SEAMUS (v1.20): a Δ¹⁴C-enabled, single-specimen sediment accumulation simulator

Abstract

Abstract. The systematic bioturbation of single particles (such as foraminifera) within deep-sea sediment archives leads to the apparent smoothing of any temporal signal as recorded by the downcore, discrete-depth mean signal. This smoothing is the result of the systematic mixing of particles from a wide range of depositional ages into the same discrete-depth interval. Previous sediment models that simulate bioturbation have specifically produced an output in the form of a downcore, discrete-depth mean signal. However, palaeoceanographers analysing the distribution of single foraminifera specimens from sediment core intervals would be assisted by a model that specifically evaluates the effect of bioturbation upon single specimens. Taking advantage of advances in computer memory, the single-specimen SEdiment AccuMUlation Simulator (SEAMUS) was created for MATLAB and Octave, allowing for the simulation of large arrays of single specimens. This model allows researchers to analyse the post-bioturbation age heterogeneity of single specimens contained within discrete-depth sediment core intervals and how this heterogeneity is influenced by changes in sediment accumulation rate (SAR), bioturbation depth (BD) and species abundance.

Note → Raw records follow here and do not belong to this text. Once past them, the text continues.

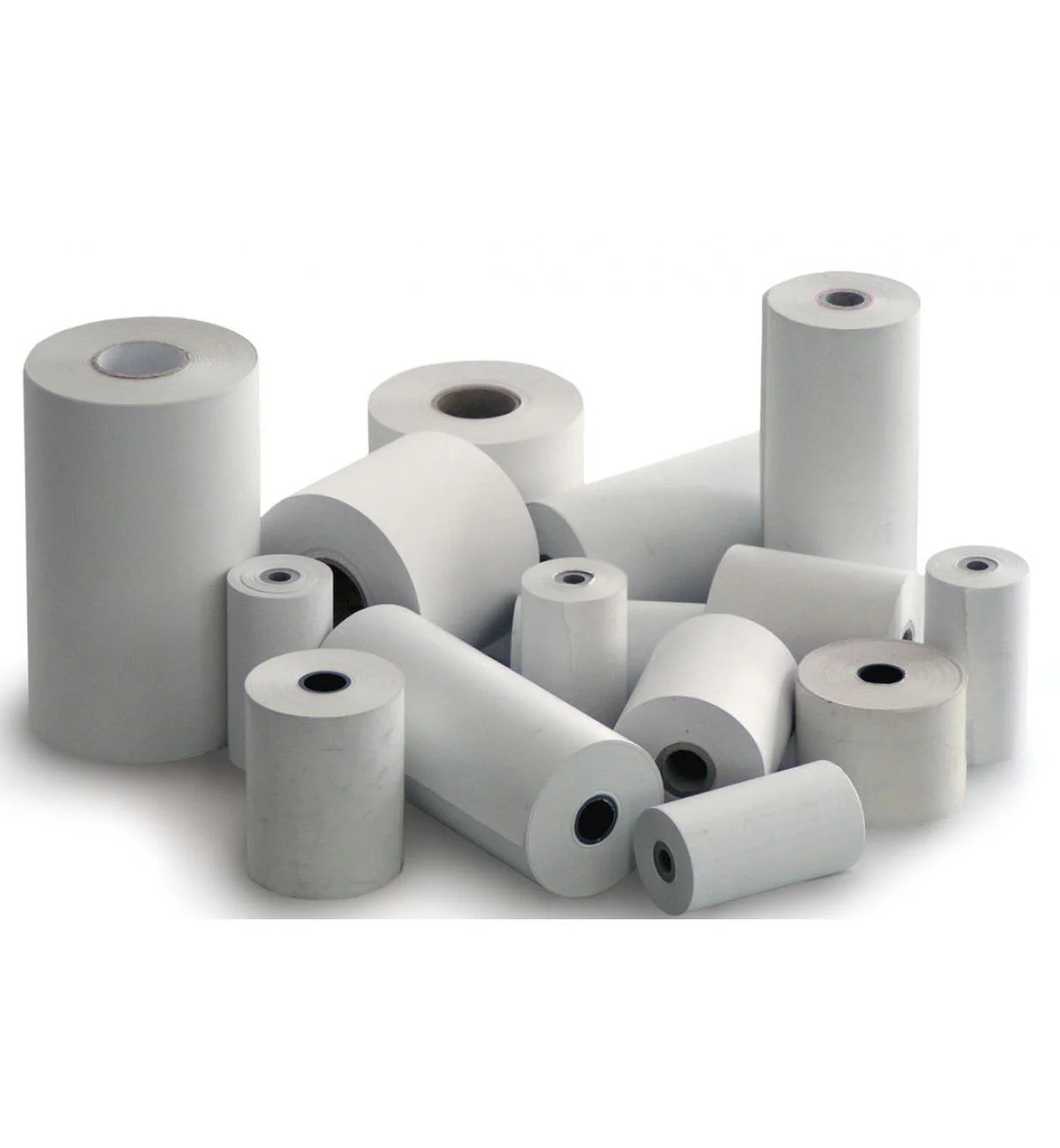 Termopapír šířky 57mm, délka návinu 27m, dutinka 17mm (průměr návinu do 50mm)  10 pack (CHD, 150TE)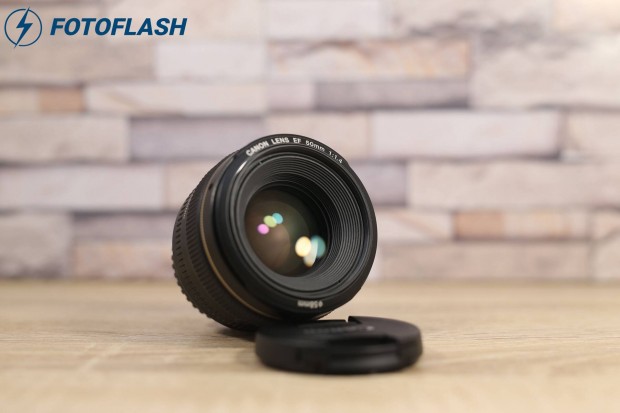 Canon EF 50mm f1.4 USM - 6 hnap garancia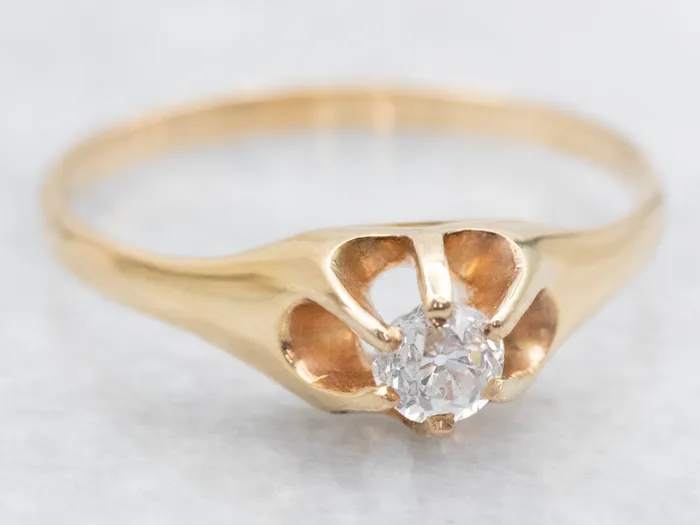 Market Square Jewelers Rings Antique Diamond Solitaire Engagement Ring Beautiful Old Mine Cut Diamond Market Square Jewelers Rings Antique Diamond Solitaire Engagement Ring Beautiful Old Mine Cut Diamond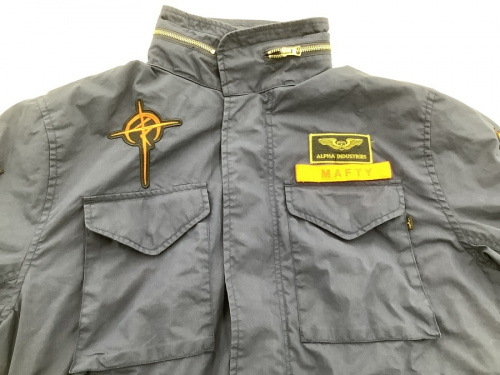 ジャケットのM-65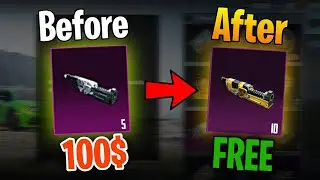Ab Free me Gun Skins Upgrade hoga 😱 | Free Material in Pubg Mobile / BGMI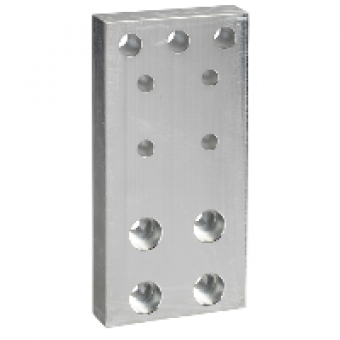 48155 - front connection downside mounting - for NW 08..16 - 4 poles, Schneider Electric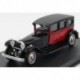 Bugatti Type 41 Royale 1927 Black and Red Rio Models 4429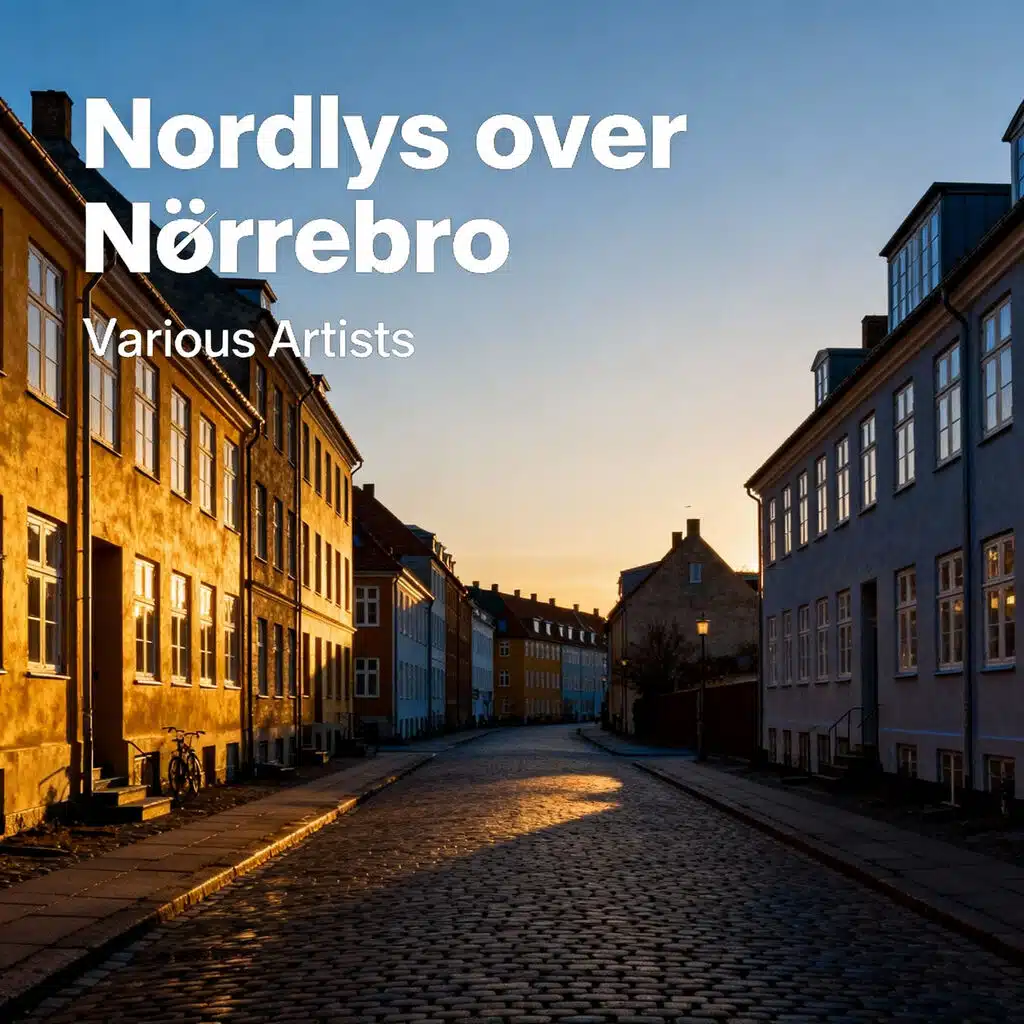 Nordlys over Nørrebro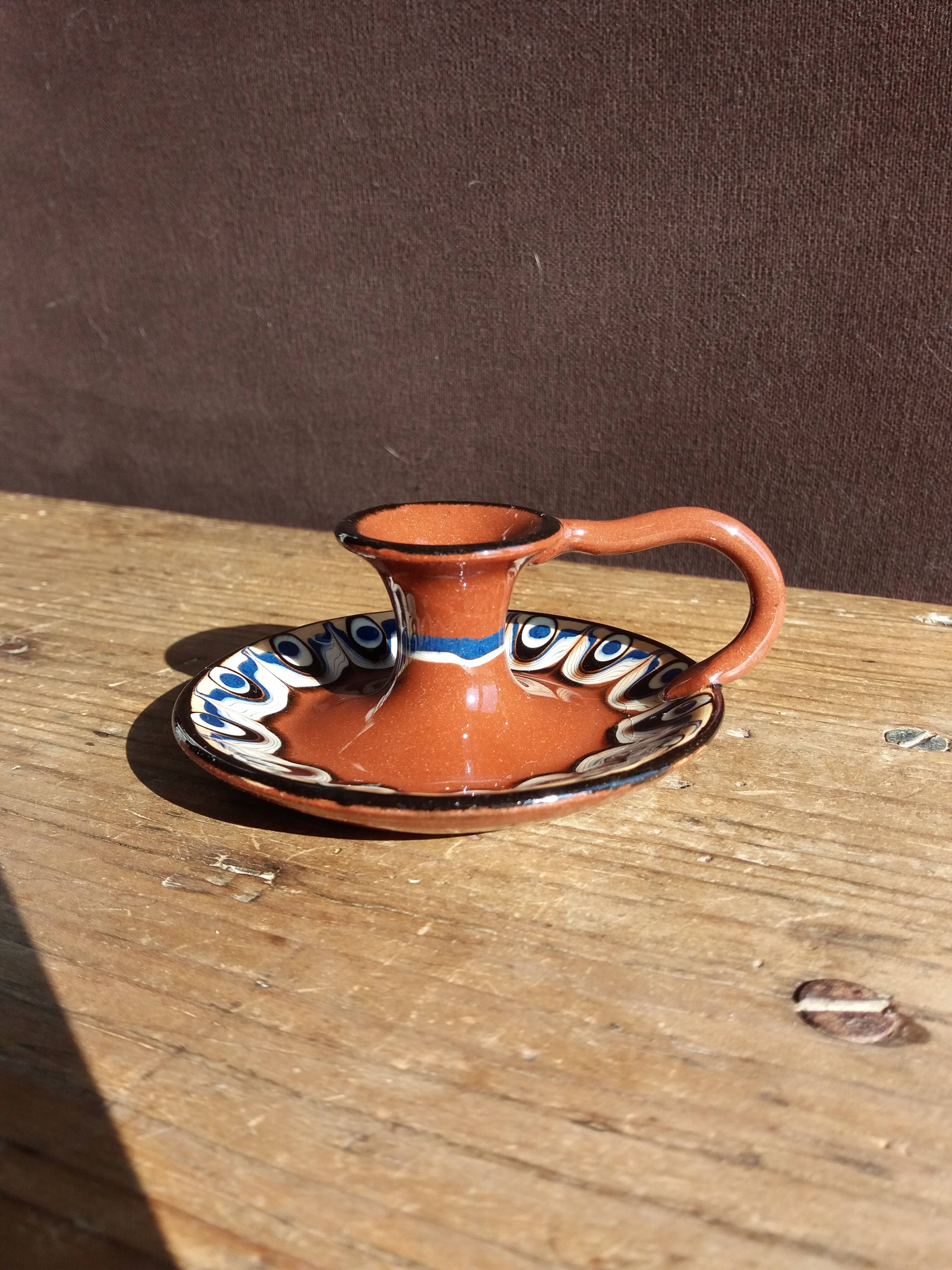 Bulgarian cellar rat candle holder Trojan Troyen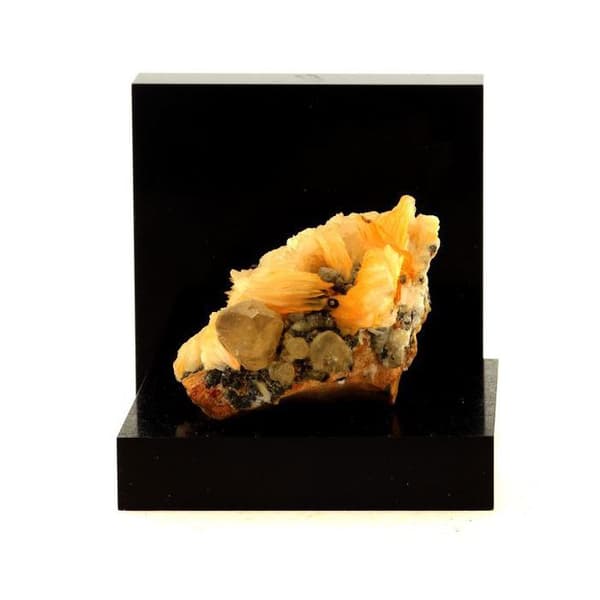 Pierre - ABIJOUX - Cerusit + Barit - 280,0 ct - Mibladen, Marocko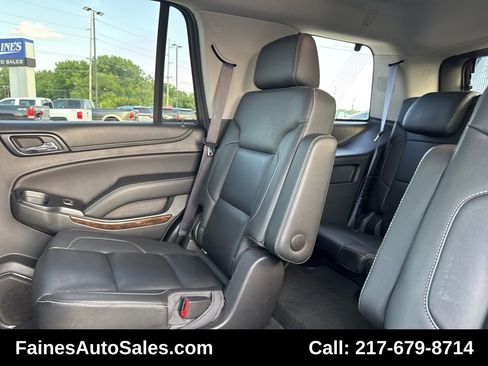 Used 2017 Chevrolet Tahoe LT w/ LT Signature Package image 50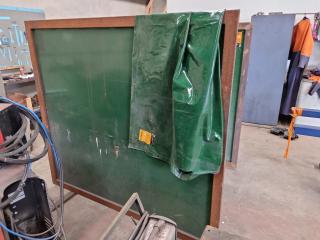 Heavy Duty Welding Screen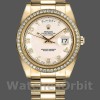 Mens Rolex Day-Date-218348, 41mm, Concentric Circle, Ivory Dial, Men’s Ivory Replica Image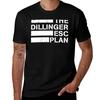 Best Selling The Dillinger Escape Plan Tshirt Holiday Vacation Tee Shirt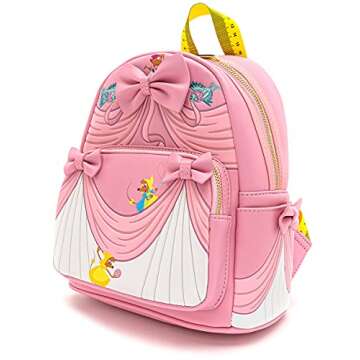 Loungefly Disney Cinderella 70th Anniversary Dress Mini Backpack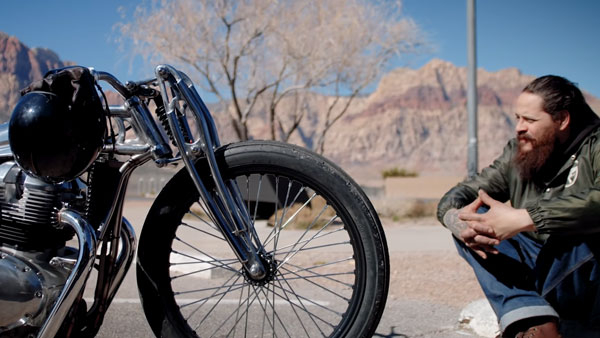 Royal Enfield Continental GT 650 Modified By Las Vegas Based Sosa Metalworks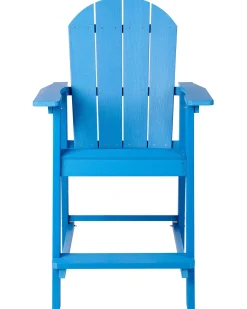 Have barstol ADIRONDACK Syntetisk materiale Blå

The simulation also assigns a realistic 14C activity to each specimen, by considering the dynamic Δ14C history of the Earth and temporal changes in reservoir age. This approach allows for the quantification of possible significant artefacts arising when 14C-dating multi-specimen samples with heterogeneous 14C activity. Users may also assign additional desired carrier signals to single specimens (stable isotopes, trace elements, temperature, etc.) and consider a second species with an independent abundance. Finally, the model can simulate a virtual palaeoceanographer by randomly picking whole specimens (whereby the user can set the percentage of older, “broken” specimens) of a prescribed sample size from discrete depths, after which virtual laboratory 14C dating and 14C calibration is carried out within the model. The SEAMUS bioturbation model can ultimately be combined with other models (proxy and ecological models) to produce a full climate-to-sediment model workflow, thus shedding light on the total uncertainty involved in palaeoclimate reconstructions based on sediment archives.